Ahmad Massoud: "Le terrorisme islamiste s'exporte à nouveau d'Afghanistan"

Le chef de guerre afghan, âgé de 34 ans, dirige aujourd'hui le Front national de résistance (FNR), la dernière alliance militaire combattant les talibans depuis leur retour au pouvoir en août 2021. ©REUTERS

Le fils du commandant Massoud lance le même appel à l'aide, et le même avertissement, que son père en 2001, à la veille des attentats du 11 septembre. Il espère que cette fois, l'Occident l'entendra.

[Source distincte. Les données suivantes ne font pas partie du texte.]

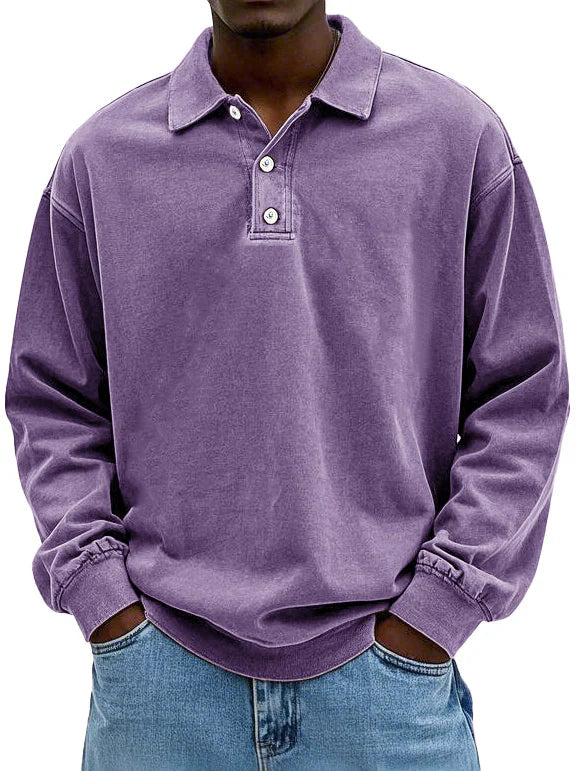 Relaxed fit long sleeve polo shirt
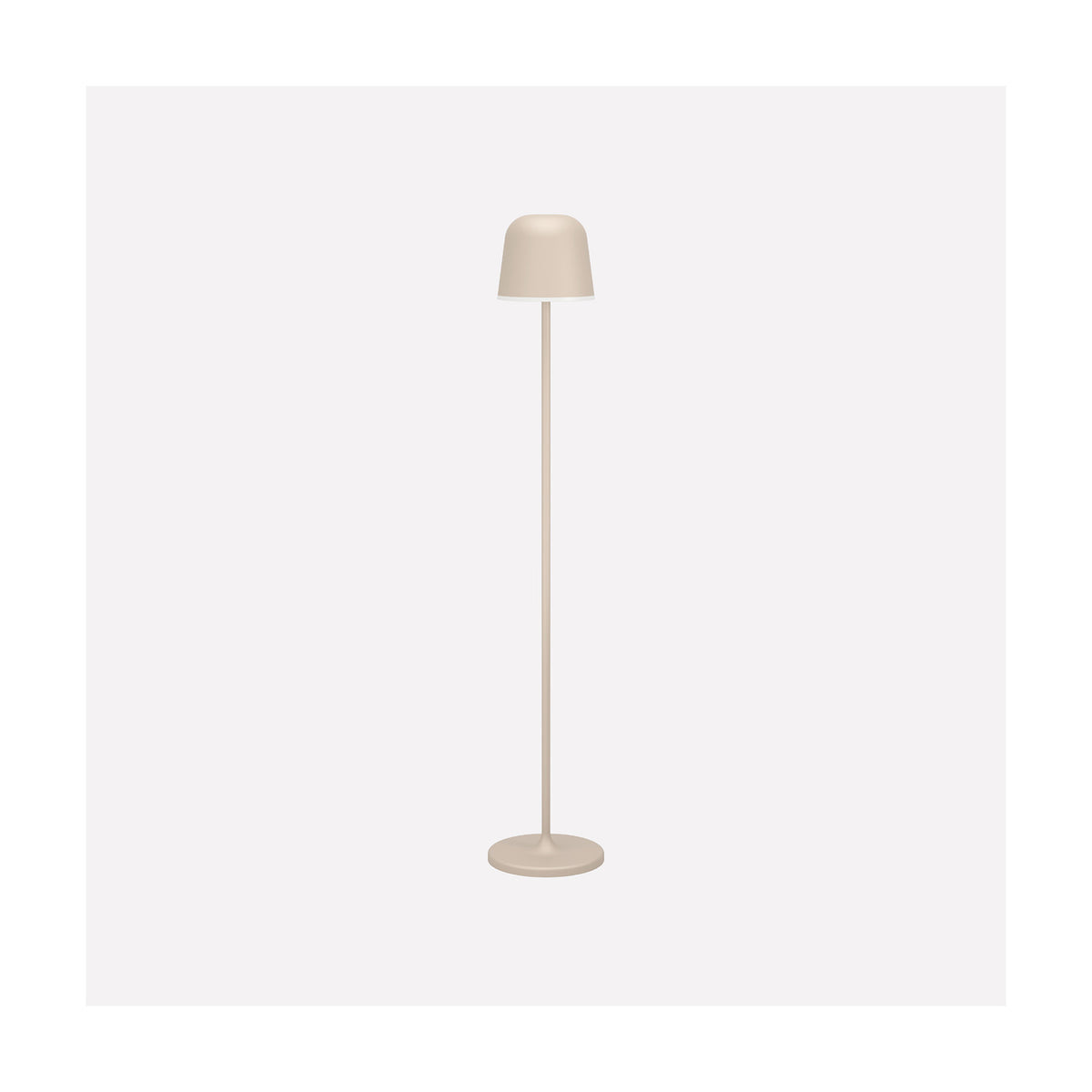 Mannera-L LED floor lamp in sand, slim stem with bell-shaped shade on a round flat base, set against a plain light background.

Ahmad Massoud, le fils du légendaire commandant Ahmad Shah Massoud, le "Lion du Panchir", m'invite à le rejoindre pour un rare entretien, à l’occasion de la sortie de son livre "Notre liberté" (Éditions Bouquins). Nous nous rencontrons dans un hôtel bruxellois discret, sécurisé par la Sûreté de l’État. Son regard est vif. Son anglais, qu'il a perfectionné au King's College de Londres, est limpide.

Le chef de guerre afghan, âgé de 34 ans, dirige aujourd'hui le Front national de Résistance (FNR), la dernière alliance militaire combattant les talibans depuis leur retour au pouvoir en août 2021. Sa tête est mise à prix par plusieurs groupes terroristes.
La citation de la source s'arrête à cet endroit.